The Tell: Why the stock market is so sensitive to tweets and political headlines right now
If it feels like the stock market and other financial assets are jumping and falling in reaction presidential tweets and news headlines to an unusual degree, it isn’t your imagination, argues one investor.
“Today’s markets are whipsawed by political slings and arrows, often in the form of tweets or breaking news reports. And ‘investors’ increasingly are reacting impulsively to a reality that’s shifting minute-by-minute,” said Brent Schutte, chief investment strategist at Northwestern Mutual Wealth Management Company, in a Monday note. “Put differently, broad swaths of equities can flip from winners to losers in an incredibly short time period — perhaps in the wake of a single tweet.”
‘We believe politics inordinately captures the market’s attention because it’s the only reason that a recession could ensue in the coming months.’
Schutte acknowledged that to say that investors don’t like uncertainty is to repeat a cliché. After all, when is life predictable?
But now that social scientists have devised methods to attempt to measure uncertainty, market watchers feel more comfortable quantifying uncertainty — and right now, by one such measure, that uncertainty is running at near historical levels after rising to just below an all-time high in August (see chart below).
Schutte highlighted the U.S. Economic Policy Uncertainty Index, devised by economists Scott Baker of Northwestern University, Nick Bloom of Stanford University and Steven Davis of the University of Chicago, which draws on search results from 10 large U.S. newspapers, reports by the Congressional Budget Office that compile tax code provisions due to expire over the next 10 years, and the Philadelphia Fed’s survey of professional forecasters.
The index in August hit its third-highest level of all time, just below the record high set in January.

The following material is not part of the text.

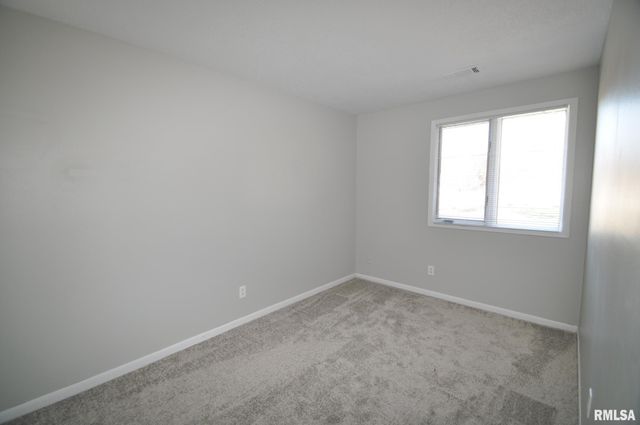 3518 CEDARVIEW Court, Bettendorf, IA 52722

Based on a rolling 12-month average, the past year has seen record uncertainty, Schutte said, with the U.S.-China trade war playing a central role.
The main issue, Schutte wrote, is that rising uncertainty has historically been a “byproduct of recessions.” At the same time, there are few fundamental reasons to expect the U.S. economy to fall into recession, at least based on the traditional economic cycle, he said. After all, Schutte argued, while global and U.S. manufacturing readings are a legitimate source of concern, the larger U.S. service sector remains healthy. Meanwhile, workers are seeing real wage gains, business investment, while slowing, continues to grow and productivity has picked up.

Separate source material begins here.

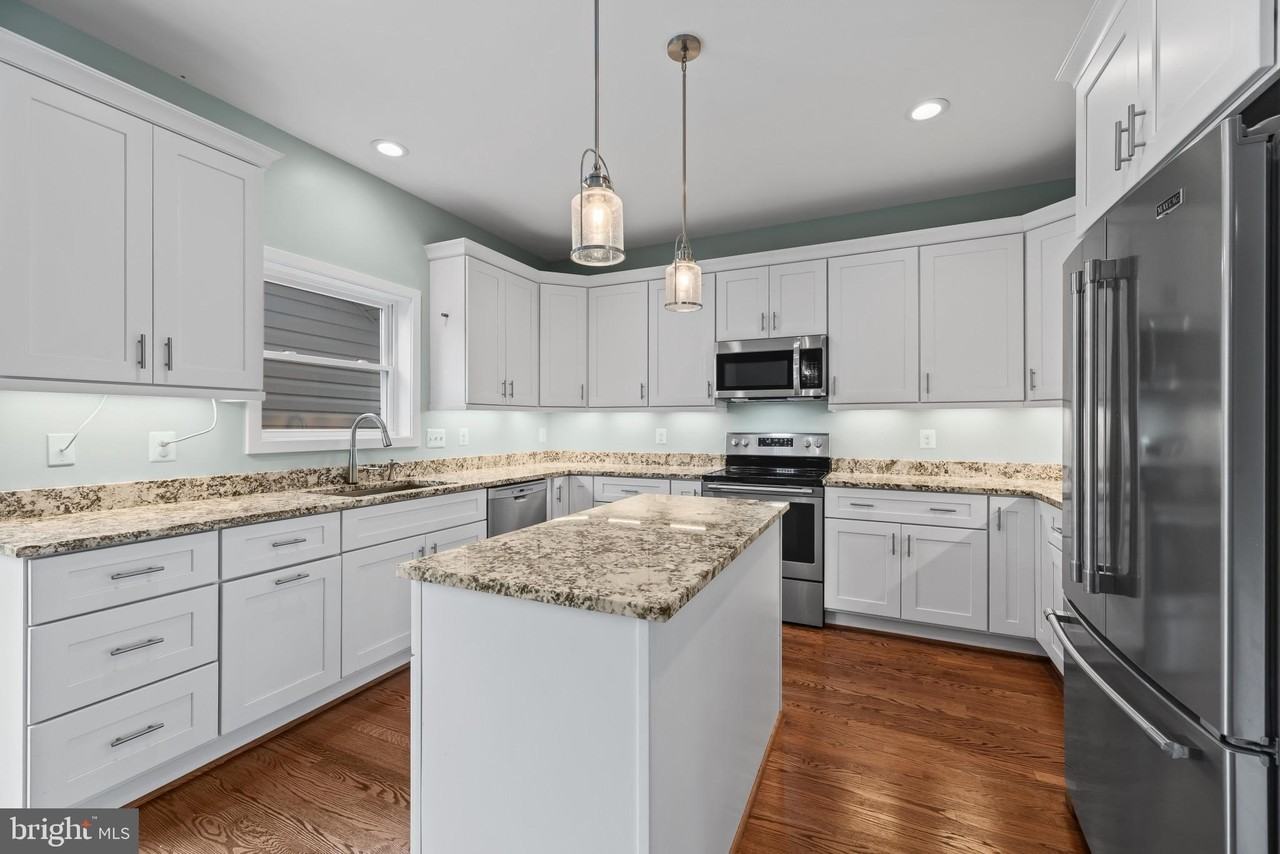 1247 Shore Dr - Photo 6 of 28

Stocks found recent support coming after the U.S. and China agreed to a so-called phase one deal. Schutte suspects that worries about domestic economic weakness may have provided the Trump administration some impetus to strike something of a truce, but noted that a final deal remains far from complete. Meanwhile, trade tensions remain with Europe following the imposition of tariffs on $7.5 billion of tariffs on European products and the possibility of levies on European autos next month.

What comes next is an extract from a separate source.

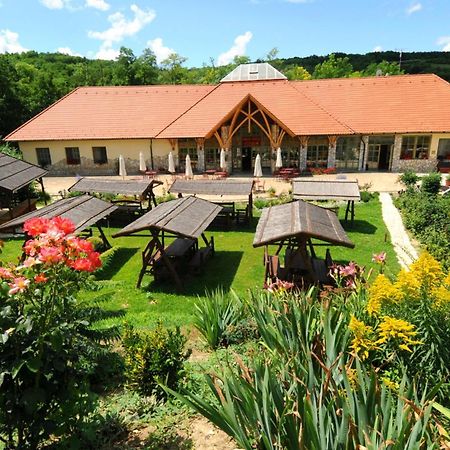 Somogy Kertje Üdülőfalu és Étterem Bonnya Exterior foto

Schutte, however, sees reasons to expect that uncertainty may have topped out.
The economy, markets and getting re-elected remain the most important things to Trump, he said, and Northwestern’s “base case” holds that if those things are at risk, the administration will cool its trade-war fervor.
“With the election just one year in the offing and economic growth stumbling, perhaps the past quarter marks the peak of trade-war and political uncertainty,” he said.